Unfortunately, IET spews error messages at high speed when doing this: I got "kernel: iscsi_trgt: Abort Task (01) issued on tid:1 lun:0 by sid:26459747326427648 (Unknown Task)" about 4000 times per second.

Restarted everything without the second storage VLAN and without the new interfaces, and now all is well again.

Friday, May 15, 2009

Link aggregation between CentOS 5 and a SLM2024

It's been a while since I made time to try something new. This week, I finally took something off of the "need to try this" list: link aggregation. I've had a gigabit Ethernet switch with link aggregation for about a year now, and my main Linux box has 3 gigE NICs, but I was still only using one. Time for change.

Google found me some good documentation for channel bonding on CentOS5. Manually editing the ifcfg-eth{0,1,2}, ifcfg-bond0, and modprobe.conf is all that's required. That worked, but the default bonding setting is "balance-rr", the simplest loadbalancing algorithm. What I wanted to use was full IEEE 802.3ad link aggregation, mode 4 of the bonding module.

During testing, I got fooled into believing that "service network restart" unloaded and reloaded the bonding module. It doesn't, I should have tested using "service network stop; rmmod bonding; service network start" from the start. Learned my lesson, configured the switch into LACP mode (dynamic link aggregation instead of static), and I was on for some bandwidth testing.

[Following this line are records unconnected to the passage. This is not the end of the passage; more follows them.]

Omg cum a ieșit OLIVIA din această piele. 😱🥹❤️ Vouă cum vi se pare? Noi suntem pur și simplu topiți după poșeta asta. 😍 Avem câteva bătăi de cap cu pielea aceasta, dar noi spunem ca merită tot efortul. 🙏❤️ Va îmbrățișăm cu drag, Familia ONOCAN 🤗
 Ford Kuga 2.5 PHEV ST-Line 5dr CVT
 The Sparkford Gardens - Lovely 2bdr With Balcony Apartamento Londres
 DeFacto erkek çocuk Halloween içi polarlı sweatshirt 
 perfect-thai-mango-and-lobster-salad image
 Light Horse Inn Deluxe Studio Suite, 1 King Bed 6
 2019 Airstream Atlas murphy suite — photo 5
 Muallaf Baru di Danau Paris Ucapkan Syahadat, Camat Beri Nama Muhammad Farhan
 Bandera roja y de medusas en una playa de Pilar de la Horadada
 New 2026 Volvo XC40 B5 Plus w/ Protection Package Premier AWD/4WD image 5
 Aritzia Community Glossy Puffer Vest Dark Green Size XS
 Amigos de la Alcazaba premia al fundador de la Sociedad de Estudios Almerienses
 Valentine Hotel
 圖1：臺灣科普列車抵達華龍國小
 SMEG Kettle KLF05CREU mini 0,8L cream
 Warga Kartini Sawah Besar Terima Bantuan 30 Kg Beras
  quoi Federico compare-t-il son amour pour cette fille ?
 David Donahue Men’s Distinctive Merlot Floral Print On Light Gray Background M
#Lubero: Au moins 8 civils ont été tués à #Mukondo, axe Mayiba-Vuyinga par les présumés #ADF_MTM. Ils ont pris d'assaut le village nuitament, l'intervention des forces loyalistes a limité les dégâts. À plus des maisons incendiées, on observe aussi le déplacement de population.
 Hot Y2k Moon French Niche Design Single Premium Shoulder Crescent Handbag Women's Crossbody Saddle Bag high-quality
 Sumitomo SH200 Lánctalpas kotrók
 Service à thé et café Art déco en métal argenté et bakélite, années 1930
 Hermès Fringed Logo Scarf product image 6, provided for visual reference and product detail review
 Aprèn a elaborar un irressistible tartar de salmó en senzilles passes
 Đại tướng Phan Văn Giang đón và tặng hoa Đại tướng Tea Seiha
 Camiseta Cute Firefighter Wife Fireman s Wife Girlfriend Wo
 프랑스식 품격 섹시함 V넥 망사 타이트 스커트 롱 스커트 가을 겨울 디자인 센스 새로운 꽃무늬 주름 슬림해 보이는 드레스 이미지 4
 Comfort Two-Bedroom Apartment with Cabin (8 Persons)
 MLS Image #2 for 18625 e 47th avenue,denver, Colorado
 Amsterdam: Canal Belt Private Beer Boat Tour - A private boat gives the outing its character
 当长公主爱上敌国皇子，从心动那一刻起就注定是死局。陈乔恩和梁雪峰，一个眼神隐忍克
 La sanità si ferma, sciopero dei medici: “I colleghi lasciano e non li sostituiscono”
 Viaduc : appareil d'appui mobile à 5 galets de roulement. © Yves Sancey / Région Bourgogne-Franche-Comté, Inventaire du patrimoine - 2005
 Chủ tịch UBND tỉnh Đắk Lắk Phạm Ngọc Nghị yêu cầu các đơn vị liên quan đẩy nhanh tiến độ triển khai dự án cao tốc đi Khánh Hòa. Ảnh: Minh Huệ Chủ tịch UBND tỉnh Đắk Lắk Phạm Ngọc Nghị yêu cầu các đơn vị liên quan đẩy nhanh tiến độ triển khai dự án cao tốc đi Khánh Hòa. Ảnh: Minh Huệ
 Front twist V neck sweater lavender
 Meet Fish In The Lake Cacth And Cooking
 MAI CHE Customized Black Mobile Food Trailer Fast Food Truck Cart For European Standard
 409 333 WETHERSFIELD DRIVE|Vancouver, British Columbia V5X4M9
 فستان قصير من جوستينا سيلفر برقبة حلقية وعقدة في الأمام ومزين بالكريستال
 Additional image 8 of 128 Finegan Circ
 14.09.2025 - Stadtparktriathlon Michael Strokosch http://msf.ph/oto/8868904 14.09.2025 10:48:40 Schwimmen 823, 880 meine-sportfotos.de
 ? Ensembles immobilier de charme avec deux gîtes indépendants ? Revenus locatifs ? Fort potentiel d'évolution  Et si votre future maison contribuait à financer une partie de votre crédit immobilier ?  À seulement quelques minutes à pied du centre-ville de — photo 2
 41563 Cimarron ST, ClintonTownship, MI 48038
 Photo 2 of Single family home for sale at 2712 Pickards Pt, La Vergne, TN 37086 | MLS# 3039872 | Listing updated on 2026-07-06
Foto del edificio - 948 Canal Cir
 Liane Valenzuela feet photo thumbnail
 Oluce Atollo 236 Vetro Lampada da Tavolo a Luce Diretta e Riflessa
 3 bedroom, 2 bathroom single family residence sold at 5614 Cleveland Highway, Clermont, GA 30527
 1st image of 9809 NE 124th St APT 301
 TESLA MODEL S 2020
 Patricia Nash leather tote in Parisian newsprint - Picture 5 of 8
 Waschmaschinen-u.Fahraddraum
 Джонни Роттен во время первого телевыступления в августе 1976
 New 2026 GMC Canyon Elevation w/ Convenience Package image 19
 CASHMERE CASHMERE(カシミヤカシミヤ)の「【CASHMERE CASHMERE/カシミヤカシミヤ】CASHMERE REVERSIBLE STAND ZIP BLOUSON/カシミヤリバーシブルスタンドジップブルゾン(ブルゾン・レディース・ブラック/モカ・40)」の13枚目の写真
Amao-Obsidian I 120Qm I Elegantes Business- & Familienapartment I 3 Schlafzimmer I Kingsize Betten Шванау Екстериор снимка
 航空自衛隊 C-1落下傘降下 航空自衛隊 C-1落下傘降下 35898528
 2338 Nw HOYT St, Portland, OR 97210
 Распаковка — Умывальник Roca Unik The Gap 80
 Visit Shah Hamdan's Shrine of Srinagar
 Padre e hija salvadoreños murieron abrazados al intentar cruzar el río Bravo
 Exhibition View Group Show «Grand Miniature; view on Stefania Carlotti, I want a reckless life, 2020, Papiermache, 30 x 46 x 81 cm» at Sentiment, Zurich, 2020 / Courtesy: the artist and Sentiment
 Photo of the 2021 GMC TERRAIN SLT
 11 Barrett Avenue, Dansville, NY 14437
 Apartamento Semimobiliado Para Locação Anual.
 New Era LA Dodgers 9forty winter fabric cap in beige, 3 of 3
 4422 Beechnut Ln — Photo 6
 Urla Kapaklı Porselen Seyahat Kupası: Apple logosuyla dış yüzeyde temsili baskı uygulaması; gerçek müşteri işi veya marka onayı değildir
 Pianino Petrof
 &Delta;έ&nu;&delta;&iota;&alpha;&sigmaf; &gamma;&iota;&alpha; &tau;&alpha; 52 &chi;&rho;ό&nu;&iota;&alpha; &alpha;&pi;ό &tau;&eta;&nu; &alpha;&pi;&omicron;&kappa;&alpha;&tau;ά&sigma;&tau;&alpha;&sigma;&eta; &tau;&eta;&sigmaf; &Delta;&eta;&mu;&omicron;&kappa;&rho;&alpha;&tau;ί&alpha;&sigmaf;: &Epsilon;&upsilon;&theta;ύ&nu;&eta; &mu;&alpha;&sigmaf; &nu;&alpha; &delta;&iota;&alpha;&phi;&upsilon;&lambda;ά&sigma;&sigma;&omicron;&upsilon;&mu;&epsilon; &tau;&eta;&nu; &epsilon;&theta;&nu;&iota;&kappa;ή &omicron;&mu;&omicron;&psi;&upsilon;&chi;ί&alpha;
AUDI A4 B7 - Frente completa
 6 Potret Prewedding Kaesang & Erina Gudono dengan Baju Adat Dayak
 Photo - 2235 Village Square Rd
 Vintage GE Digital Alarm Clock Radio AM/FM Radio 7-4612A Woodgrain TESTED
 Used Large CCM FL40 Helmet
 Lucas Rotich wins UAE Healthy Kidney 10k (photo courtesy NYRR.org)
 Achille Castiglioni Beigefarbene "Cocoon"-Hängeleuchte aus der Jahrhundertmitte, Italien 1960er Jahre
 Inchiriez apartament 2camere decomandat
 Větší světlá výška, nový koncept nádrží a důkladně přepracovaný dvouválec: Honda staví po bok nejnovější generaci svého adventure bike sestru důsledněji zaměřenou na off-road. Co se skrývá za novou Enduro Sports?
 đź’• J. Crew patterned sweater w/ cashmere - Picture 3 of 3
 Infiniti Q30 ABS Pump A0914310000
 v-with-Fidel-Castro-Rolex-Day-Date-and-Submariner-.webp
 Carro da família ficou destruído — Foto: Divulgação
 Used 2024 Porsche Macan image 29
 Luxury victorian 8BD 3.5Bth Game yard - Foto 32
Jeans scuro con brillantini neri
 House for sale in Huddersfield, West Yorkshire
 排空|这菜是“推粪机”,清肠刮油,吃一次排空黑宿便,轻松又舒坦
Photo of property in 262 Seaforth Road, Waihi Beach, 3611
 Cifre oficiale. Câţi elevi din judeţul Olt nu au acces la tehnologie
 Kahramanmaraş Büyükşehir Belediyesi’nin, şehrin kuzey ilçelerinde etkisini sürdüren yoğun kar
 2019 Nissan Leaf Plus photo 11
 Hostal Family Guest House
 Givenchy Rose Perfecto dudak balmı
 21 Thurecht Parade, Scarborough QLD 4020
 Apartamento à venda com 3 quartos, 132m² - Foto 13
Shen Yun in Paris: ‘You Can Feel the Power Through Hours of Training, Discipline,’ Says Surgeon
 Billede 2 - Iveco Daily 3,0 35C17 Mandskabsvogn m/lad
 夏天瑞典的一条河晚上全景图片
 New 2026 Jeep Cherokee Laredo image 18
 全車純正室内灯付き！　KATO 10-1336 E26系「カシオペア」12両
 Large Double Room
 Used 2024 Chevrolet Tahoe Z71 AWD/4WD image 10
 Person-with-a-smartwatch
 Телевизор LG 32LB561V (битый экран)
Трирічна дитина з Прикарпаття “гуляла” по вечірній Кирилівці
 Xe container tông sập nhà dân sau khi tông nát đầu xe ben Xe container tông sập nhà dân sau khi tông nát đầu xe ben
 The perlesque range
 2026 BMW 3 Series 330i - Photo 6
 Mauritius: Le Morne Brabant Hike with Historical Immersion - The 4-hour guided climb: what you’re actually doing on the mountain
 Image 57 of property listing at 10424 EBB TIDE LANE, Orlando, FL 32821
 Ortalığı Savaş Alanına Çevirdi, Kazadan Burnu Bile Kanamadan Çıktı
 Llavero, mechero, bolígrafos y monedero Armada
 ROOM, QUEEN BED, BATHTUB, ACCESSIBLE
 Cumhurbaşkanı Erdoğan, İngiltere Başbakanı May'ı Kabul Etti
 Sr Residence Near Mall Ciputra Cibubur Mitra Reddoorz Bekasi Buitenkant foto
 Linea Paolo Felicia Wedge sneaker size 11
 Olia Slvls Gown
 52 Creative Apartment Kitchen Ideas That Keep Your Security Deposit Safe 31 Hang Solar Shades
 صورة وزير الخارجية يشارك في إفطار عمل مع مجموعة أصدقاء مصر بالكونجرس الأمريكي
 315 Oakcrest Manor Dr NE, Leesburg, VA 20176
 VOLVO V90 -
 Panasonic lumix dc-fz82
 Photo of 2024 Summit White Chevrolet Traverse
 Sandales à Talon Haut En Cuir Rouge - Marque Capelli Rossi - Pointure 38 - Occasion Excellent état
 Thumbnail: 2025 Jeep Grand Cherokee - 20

I tried a couple of different bandwidth eaters, but floodping, NFS reads, didn't really stress the configuration. In comes netcat: "nc -l 5555 > /dev/null" on one side, and "nc myserver 5555 < /dev/zero" on the other, and you'll get a gigabit stream of data in no-time. Using dstat and a couple of netcats, the current record stands at more than 200 MBps. Mission accomplished !